**Material supplied**
BEGIN
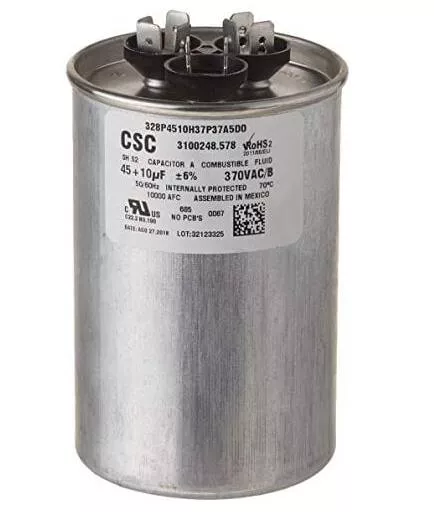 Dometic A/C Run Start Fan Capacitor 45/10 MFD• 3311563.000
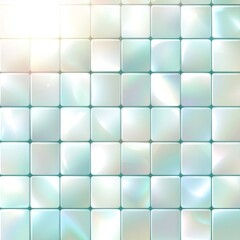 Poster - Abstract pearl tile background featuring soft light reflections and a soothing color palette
END
BEGIN
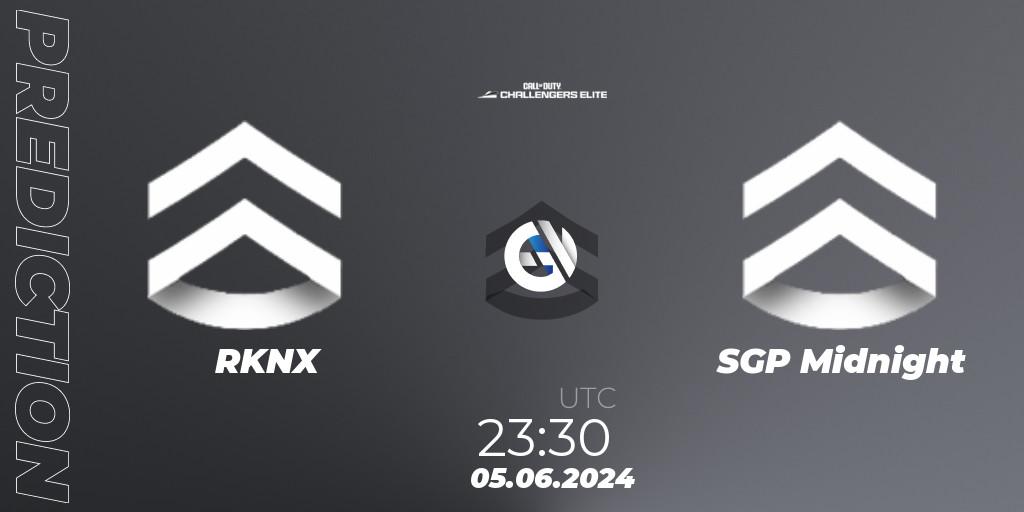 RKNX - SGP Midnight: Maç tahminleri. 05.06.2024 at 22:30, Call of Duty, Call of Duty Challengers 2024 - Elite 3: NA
END
**Activity**
When copying from the data above, print only the lines from the line containing "Dometic A/C Run" to the line containing "Poster - Abstract", exactly, and leave the pictures out.

**Reply to the task**
 Dometic A/C Run Start Fan Capacitor 45/10 MFD• 3311563.000
 Poster - Abstract pearl tile background featuring soft light reflections and a soothing color palette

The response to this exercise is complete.